# "Rene Barton"



## john b (Jun 11, 2003)

Hi gang, I just came across a fellow on eBay operating out of Germany who is selling mostly Elysee and this "Rene Barton" brand. Some of the models are quite attractive. I've never purchased anything via that route and have never heard of "Rene Barton." Anyone know anything about that brand.

Thanks,

John B (California)


----------



## Andy (Feb 23, 2003)

Any chance you could post a relevant link.

You will get an honest opinion here be in no doubt.


----------



## Mrcrowley (Apr 23, 2003)

Too right.

I can't find the page-maybe doing it wrong.

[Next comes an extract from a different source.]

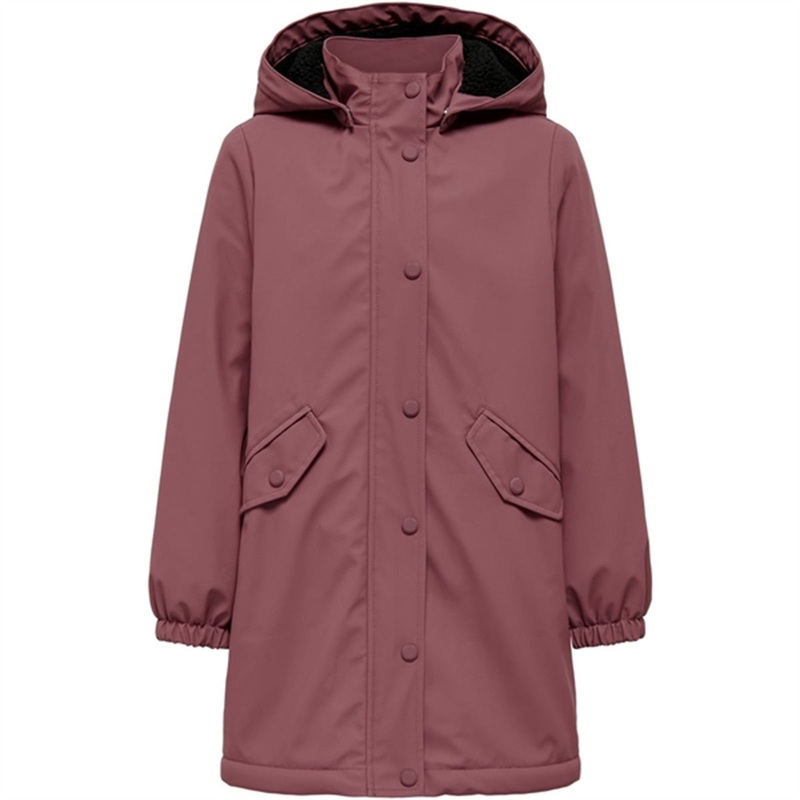 kids only Rose Brown Black Sherpa Newsally Hooded Raincoat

As Andy said, post a link or pic. I've never heard of 'em. Just don't use Paypal.....


----------



## john b (Jun 11, 2003)

Even "off line" i'm getting warnings not to use PayPal. I was just surfing and I did't and don't intend to buy anything from this fellow on ebay; was just curious about the brand. I think his seller name was WATCH-HEAVEN


----------



## Paul (Mar 2, 2003)

Hi all,

Not exactly my sort of thing. Worth a risk at that price?

Rene Barton on Ebay

Paul D


----------



## Mrcrowley (Apr 23, 2003)

NO!!


----------



## Garry (Feb 25, 2003)

Never heard of them!

G.


----------